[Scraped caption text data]
------------------------------------------------

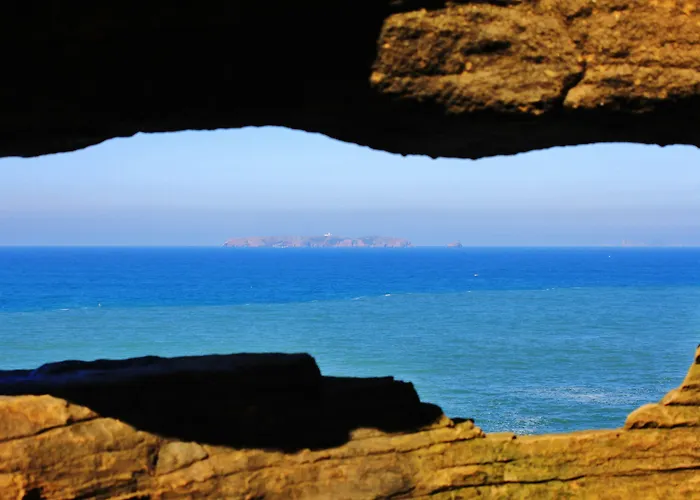 Surf 1 Gasthof Peniche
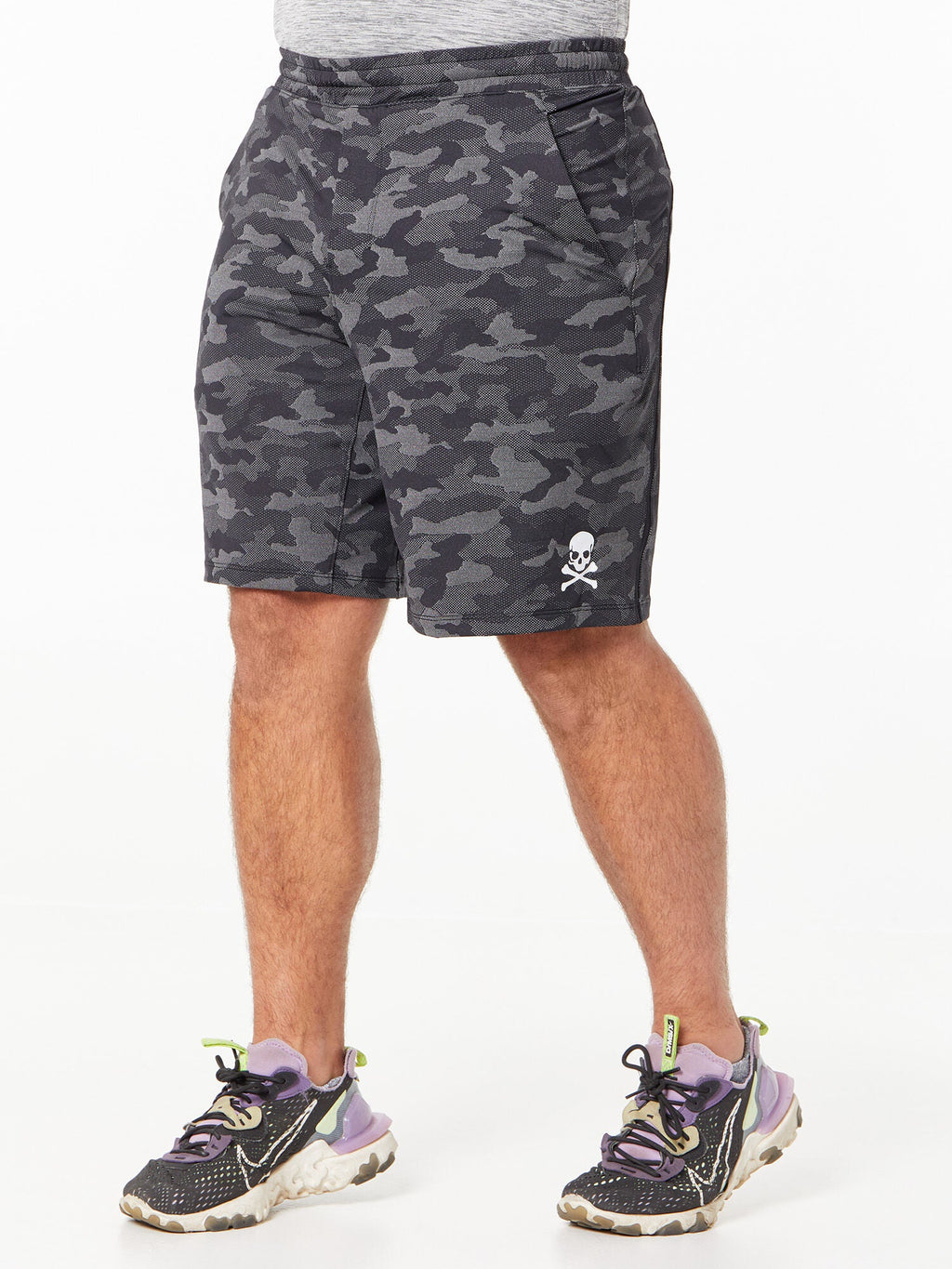 Pace Breaker Short 9" Hamptons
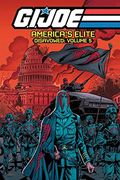 G.I. JOE America's Elite: Disavowed Volume 5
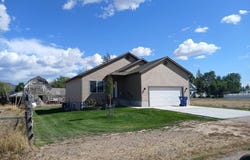 326 N 3rd St E, Downey, ID 83234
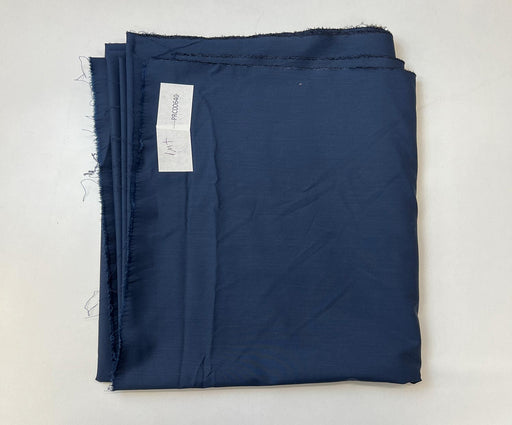 1 METRE LİKRALI ETEK CEKETLİK - LACİVERT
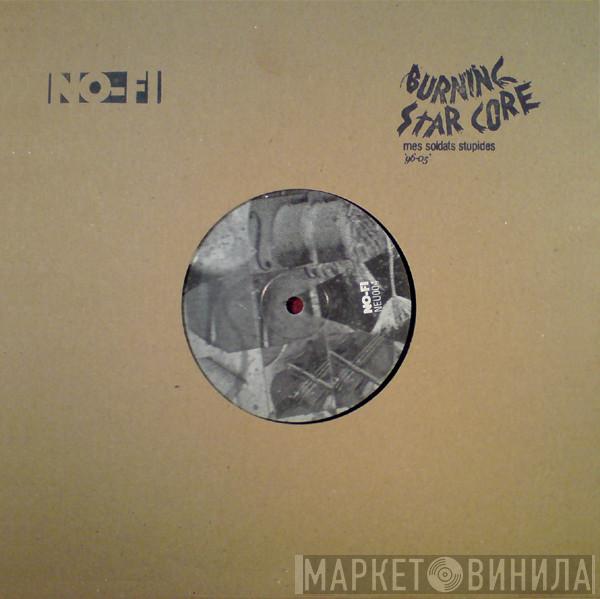 Burning Star Core - WSBC/SSS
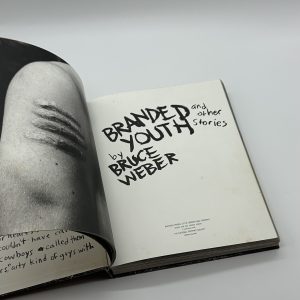 BRANDED YOUTH and other stories - 画像 (3)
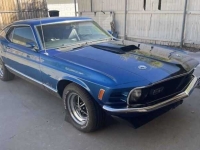1970 Ford Mustang for sale (ID-146341)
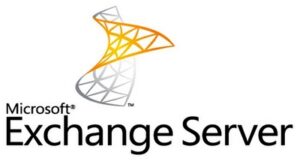 Microsoft exchange server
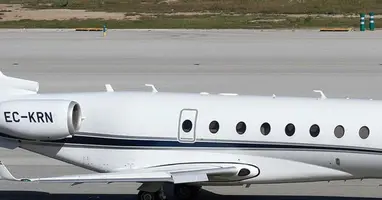 Gulfstream G200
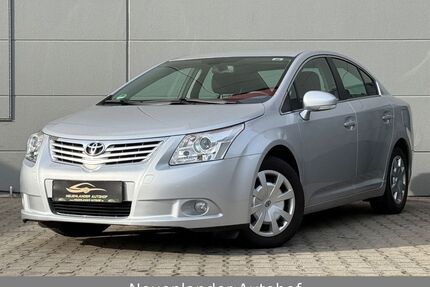 Toyota Avensis Gebrauchtwagen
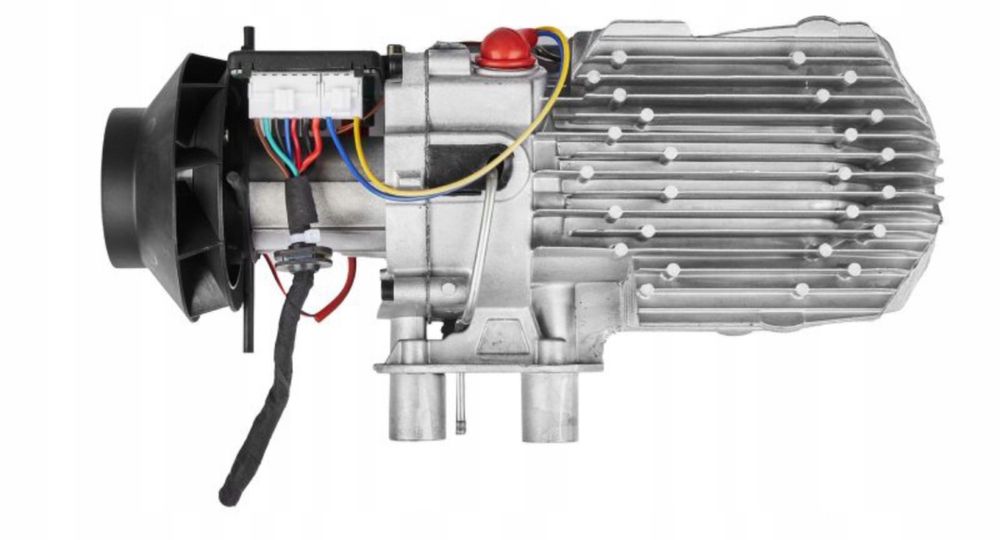 WEBASTO 8kw 12V Вебасто Kraft dele kd11781 8 кВт 12В Автономка обігрів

------------------------------------------------

#### [Task to carry out]
When you copy the data above, keep each line exact and omit the pictures.

#### [Solution for this problem]
 Surf 1 Gasthof Peniche
 Pace Breaker Short 9" Hamptons
 G.I. JOE America's Elite: Disavowed Volume 5
 326 N 3rd St E, Downey, ID 83234
 1 METRE LİKRALI ETEK CEKETLİK - LACİVERT
 Burning Star Core - WSBC/SSS
 BRANDED YOUTH and other stories - 画像 (3)
1970 Ford Mustang for sale (ID-146341)
 Microsoft exchange server
 Gulfstream G200
 Toyota Avensis Gebrauchtwagen
 WEBASTO 8kw 12V Вебасто Kraft dele kd11781 8 кВт 12В Автономка обігрів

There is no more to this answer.